The government is already working on the mine city in Barapukuria by identifying areas to be acquired. This mine city will initially aim at providing livelihood and living facilities to 10,000 families and ultimately give room to one lakh families, says Towfiq-e-Elahi Chowdhury, adviser to the prime minister on energy.
Towfiq-e-Elahi pointed out that the government has signed a draft memorandum of understanding (MoU) with villagers who are affected by land subsidence around the Barapukuria coalmine area. “Their resettlement will be implemented in phases,” he noted.
“Our bigger concern is to ensure these affected people their livelihood. We aim at giving jobs to the second generation of these affected people,” he added.
A government committee has already recommended quick framing of a human resettlement action plan for the villagers affected by the Barapukuria coalmine in line with the one for the Jamuna Multipurpose Bridge project. Such a plan should be chalked out within a few months.
Till this plan of “international standard” is approved for action, the people should be immediately given a standard compensation package and alternative shelter, said a source quoting the committee’s report submitted to the energy ministry late last month.
Deep grievances are brewing among several villages around the mine for the last two years. The mining project was implemented without recognising that the mine would cause land subsidence leading to loss of agricultural land, water supply and cause environmental damage.
For now, the government is addressing the water issue in the area by installing 600 deep tube wells (Tara Tubewells). The subsoil water level in around 15 villages in Barapukuria rapidly dropped as the mine is pumping out huge quantity of water for coal production. Towfiq said the work order for these pumps would be issued this month.
Identifying coal as one of the vital natural resources that needs to be developed for future energy security of the country, Towfiq said in the past the government had undertaken mining project without informing the people its consequences on the environment and agricultural land. The government had not even kept any allocation to address the environmental issues.
“But in future all such projects should be done in a transparent manner by informing and involving the people,” he said.
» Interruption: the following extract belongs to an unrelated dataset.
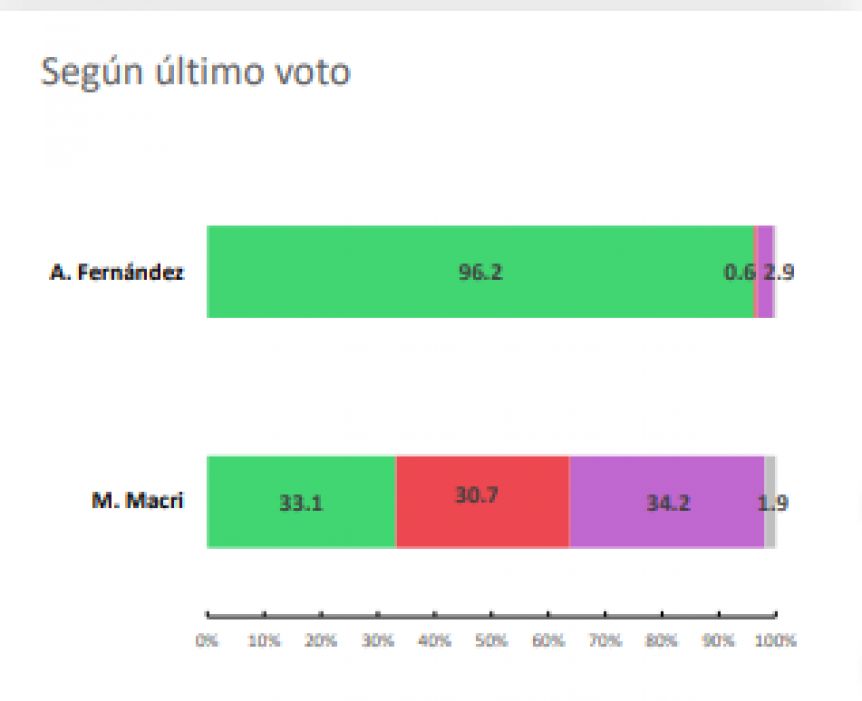 Coronavirus y números: cuántos son los votantes de Macri que ahora bancan a Alberto Fernández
The draft coal policy that the government did not approve in the last four years will soon see the light of day. “We are working on it. We hope to approve it within a few months. The main focus would be to ensure the best usage of coal,” Towfiq said.
He noted the future of power would be dependent on coal as well as nuclear technology. “Seventy-five percent of power in France comes from nuclear power stations and one third of power in the USA also comes from nuclear power stations,” he quipped.
Meanwhile, the eight-member committee headed by a joint secretary of the energy ministry recommended that a mining city be developed as per the Resettlement Action Plan. This city would provide amenities, shelter and livelihood as an alternative to the affected people.
As part of this action plan, the government should appoint a third party organisation–possibly a non-government organisation–to conduct a baseline survey in the affected area to assess the size of the population, their assets, cropland and livestock, schools and other educational institutions etc. If there is a slum in the area, it should also be assessed.
Till the plan is implemented, the villagers living in vulnerable structures should be relocated to the East Camp of the Barapukuria mine. The East Camp is a structure built during the project construction period, said the committee that was formed in January to look into the land subsidence of Barapukuria.
All future mine projects should be implemented after conducting a feasibility study, undertaking a resettlement plan and by acquiring the land necessary for the projects, it said.
The committee pointed out that land outside the mine area, which has subsided and will subside in future, should be acquired by paying premium to the owners. The base line survey should identify the lands that could be acquired by paying the premium.
It recommended jobs for the locals as per their merit in the Barapukuria coalmine. A social awareness committee should be formed with these people to disseminate information about the long-term impact of the mine.
The 2,500-acre underground mine area includes 650 acres of agricultural land on the surface. The mine is directly affecting the lives of about 2,500 people in seven to eight villages. “Rehabilitation of these people should not be very costly for the government,” said a source.
Other members of the committee include director general of the Hydrocarbon Cell of the ministry, Dhaka University geology department Professor Badrul Imam, chiefs of the Bureau of Mineral Development, Barapukuria Coal Mine Company, Titas Gas Transmission and Distribution Company and Geological Survey of Bangladesh.